While acknowledging that Tillerson is viewed as a top professional in Russia, he said Moscow does not expect any less from the person serving as America’s top diplomat.

“Tillerson will be a credible and effective messenger for a US reset, because he is not a member of the foreign policy establishment, but also because his history embodies the investment potential Russia could enjoy with a better relationship with the United States,” David L. Goldwyn, the State Department’s top energy diplomat during the first Obama administration, told the New York Times.
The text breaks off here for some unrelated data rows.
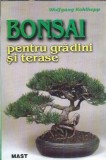 Bonsai pentru gradini si terase Wolfgang Kohlhepp Editura Mast 2001 Carti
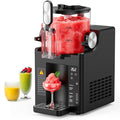 WIZAURA Slushie Machine, Slushy for Home No Ice Need, Soft Serve Ice Cream
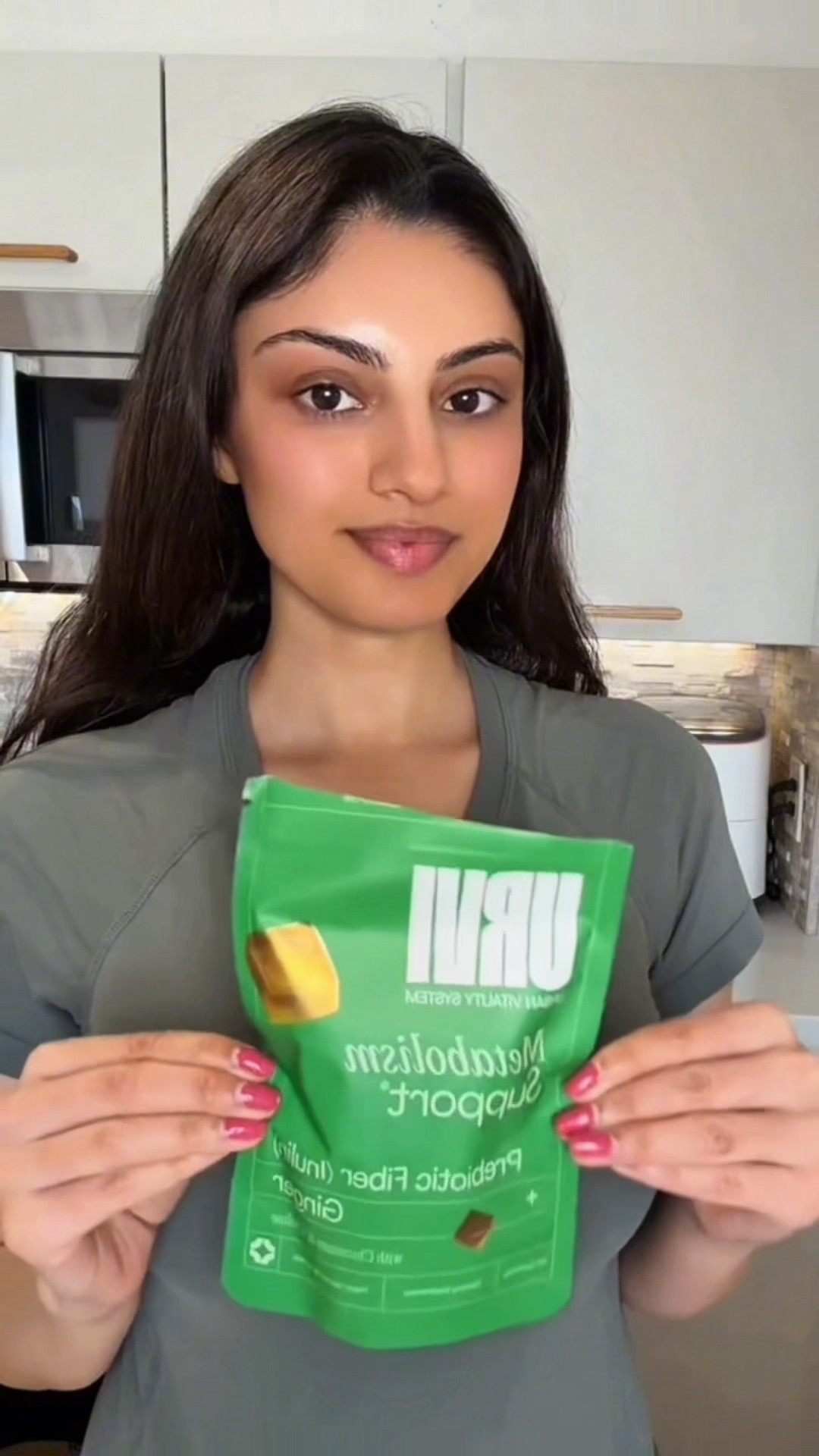 Supporting metabolism and balanced blood sugar as part of my daily routine with the URVI Metabolism Support Gummies.

These gummies combine ingredients like chromium, choline, inulin, and ginger — nutrients that help support normal macronutrient metabolism, digestion, and healthy blood sugar balance.  ￼

I like that they’re sugar-free, easy to take, and a simple addition after meals when I want a little extra metabolic support and digestive comfort. Sometimes the smallest habits — like consistent nutrition, movement, and supportive supplements — make the biggest difference in how you feel day to day. ✨

#LTKselfcare #LTKvlog #LTKdayinmylife
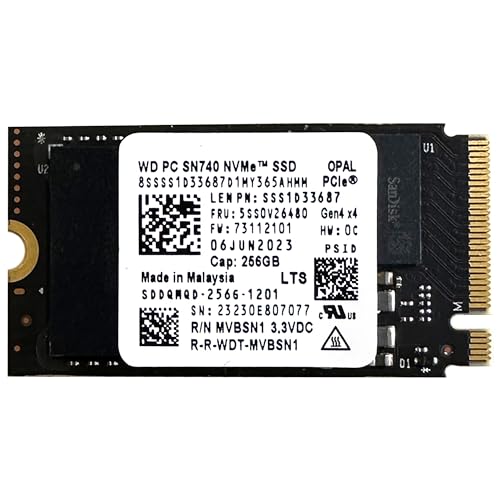 OEM WD SN740 256GB M.2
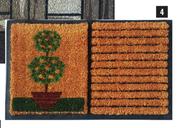 Trento Coir Mat Garden (40cm x 60cm)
Goldwyn added that Trump “has definitely decided to do a reverse Nixon and side with Russia against China. He thinks we probably can make common cause with Russia in Syria but also in Libya, and he doesn’t have a problem supporting strongmen.”

However, Tillerson’s appointment is not looked upon favorably by some Republicans. Marco Rubio, a member of the Senate Foreign Relations Committee, tweeted on Sunday that “being a ‘friend of Vladimir’ is not an attribute I am hoping for” in America’s next top diplomat. His fellow senator, John McCain, told CBS that he fears Tillerson’s perspective “would color his [Trump’s] approach to Vladimir Putin and the Russian threat” if he were to become his secretary of state.

Other possible candidates for the position include former Central Intelligence Agency Director David Petraeus, Senate Foreign Relations Committee chair Bob Corker, and former US Ambassador to the United Nations John Bolton.

It was previously reported that 2012 Republican presidential nominee Mitt Romney was also in the running, though he has since ruled out that possibility on his Facebook page.

"It was an honor to have been considered for Secretary of State of our great country. My discussions with President-elect Trump have been both enjoyable and enlightening. I have very high hopes that the new administration will lead the nation to greater strength, prosperity and peace," Romney wrote on Monday.